Link to the MMeM github

Link to the MMeM CRAN

The package supports the variance covariance component estimations for the multivariate mixed effects model for one-way randomized block design with equal design matrices:

\(\mathbf{y} = (\mathbf{I} \otimes \mathbf{X})\mathbf{b} + (\mathbf{I} \otimes \mathbf{Z} )\mathbf{u} + \mathbf{e}\)

with

\(\mathbf{y} = \left\{\mathbf{y}_i\right\}_c, \mathbf{b} = \left\{\mathbf{b}_i\right\}_c, \mathbf{u} = \left\{\mathbf{u}_i\right\}_c, \mathbf{e} = \left\{\mathbf{e}_i\right\}_c, i =1, \dots, q\)

where \(\mathbf{y}\) is nq by 1 response vector; \(\mathbf{X}\) is n by p design matrix for the fixed effects; \(\mathbf{b}\) is pq by 1 coefficients vector for the fixed effects; \(\mathbf{Z}\) is n by s design matrix for the random effects; \(\mathbf{u}\) is sq by 1 vector of the random effects; \(\mathbf{e}\) is nq by 1 vector of random errors.

It is assumed that

\(cov(\mathbf{u}_i, \mathbf{u}_j') = \mathbf{G}_{ij}, cov(\mathbf{e}_i, \mathbf{e}_j') = \mathbf{R}_{ij}, cov(\mathbf{u}_i, \mathbf{e}_j') = \mathbf{0}\)

or

\(var(\mathbf{u}) = \mathbf{G} = \mathbf{T}\otimes \mathbf{I}_s, var(\mathbf{e}) = \mathbf{R} = \mathbf{E} \otimes \mathbf{I}_n, var(\mathbf{y}) = \mathbf{V} = \mathbf{T}\otimes \mathbf{ZZ}' + \mathbf{E} \otimes \mathbf{I}_n\).

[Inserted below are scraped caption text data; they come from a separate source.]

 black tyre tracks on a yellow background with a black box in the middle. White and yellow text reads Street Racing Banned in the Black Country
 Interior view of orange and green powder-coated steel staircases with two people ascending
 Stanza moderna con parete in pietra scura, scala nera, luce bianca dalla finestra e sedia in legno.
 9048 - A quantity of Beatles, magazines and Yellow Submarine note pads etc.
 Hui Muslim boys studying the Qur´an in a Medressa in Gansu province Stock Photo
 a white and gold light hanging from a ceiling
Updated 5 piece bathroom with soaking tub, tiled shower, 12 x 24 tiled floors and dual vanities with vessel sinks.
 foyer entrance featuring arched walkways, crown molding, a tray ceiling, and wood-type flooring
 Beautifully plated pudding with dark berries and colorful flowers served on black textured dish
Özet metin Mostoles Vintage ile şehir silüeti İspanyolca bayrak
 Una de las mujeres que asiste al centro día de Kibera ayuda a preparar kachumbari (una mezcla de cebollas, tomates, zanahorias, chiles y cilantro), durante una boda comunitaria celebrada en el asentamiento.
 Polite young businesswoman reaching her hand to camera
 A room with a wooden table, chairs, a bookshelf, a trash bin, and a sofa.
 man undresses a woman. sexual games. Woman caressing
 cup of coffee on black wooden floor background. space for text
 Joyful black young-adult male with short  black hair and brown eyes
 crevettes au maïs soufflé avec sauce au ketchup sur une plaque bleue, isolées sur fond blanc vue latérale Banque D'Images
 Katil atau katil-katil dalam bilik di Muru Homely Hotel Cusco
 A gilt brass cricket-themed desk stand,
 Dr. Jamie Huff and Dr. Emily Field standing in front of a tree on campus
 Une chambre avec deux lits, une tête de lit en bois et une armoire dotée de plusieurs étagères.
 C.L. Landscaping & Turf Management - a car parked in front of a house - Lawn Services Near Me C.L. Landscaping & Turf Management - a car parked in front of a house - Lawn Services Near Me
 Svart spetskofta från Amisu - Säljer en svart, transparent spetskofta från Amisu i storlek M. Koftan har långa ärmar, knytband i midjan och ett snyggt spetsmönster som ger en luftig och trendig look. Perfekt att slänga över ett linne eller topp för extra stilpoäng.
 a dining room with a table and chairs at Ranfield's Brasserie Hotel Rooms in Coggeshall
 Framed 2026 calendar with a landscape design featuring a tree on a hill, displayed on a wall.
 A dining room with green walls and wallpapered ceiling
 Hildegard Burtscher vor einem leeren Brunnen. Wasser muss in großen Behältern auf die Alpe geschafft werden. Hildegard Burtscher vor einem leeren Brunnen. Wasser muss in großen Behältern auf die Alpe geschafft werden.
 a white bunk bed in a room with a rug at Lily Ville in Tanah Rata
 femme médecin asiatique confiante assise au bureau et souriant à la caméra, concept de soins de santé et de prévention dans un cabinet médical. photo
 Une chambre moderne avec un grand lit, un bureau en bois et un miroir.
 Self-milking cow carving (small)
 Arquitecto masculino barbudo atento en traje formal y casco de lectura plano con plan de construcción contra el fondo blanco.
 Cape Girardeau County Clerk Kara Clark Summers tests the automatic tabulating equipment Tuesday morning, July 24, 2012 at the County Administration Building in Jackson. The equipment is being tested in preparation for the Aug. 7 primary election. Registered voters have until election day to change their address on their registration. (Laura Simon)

The goal is to estimate the variance-covariance matrix of random effects \(\mathbf{u}\) and \(\mathbf{e}\) on \(q\) response variates, i.e. \(\mathbf{T}\) and \(\mathbf{E}\).

The model also supports the variance component estimations using univariate mixed-effects model regression, which is equivalent to R package lme4:

\(\mathbf{y} = \mathbf{Xb} + \mathbf{Zu} + \mathbf{e}\)

where \(\mathbf{y}\) is n by 1 response vector; \(\mathbf{X}\) and \(\mathbf{Z}\) are n by p and n by s known design matrix; \(\mathbf{b}\) is p by 1 coefficients vector for the fixed effects; \(\mathbf{u}\) is s by 1 matrix for the random effects, \(\mathbf{e}\) is n by 1 vector of random errors. }

The goal is to estimate \(\sigma_u^2\) and \(\sigma_e^2\) for \(\mathbf{u} \sim N(\mathbf{0}, \sigma_u^2\mathbf{I}), \mathbf{e} \sim N(\mathbf{0}, \sigma_e^2\mathbf{I})\).

Currently this package supports multivariate mixed effects model with two response variables, one fixed effects and one random effects, the package only estimates the variance covariance components under multivariate mixed effects model, it doesn’t provide the estimation and hypothesis testing for the fixed effects parameters, which will be incorporated in the future. Users can compute the estimated fixed effects parameters by using the generalized least square formula for the fixed effect parameters after estimating the variance covariance components using this package.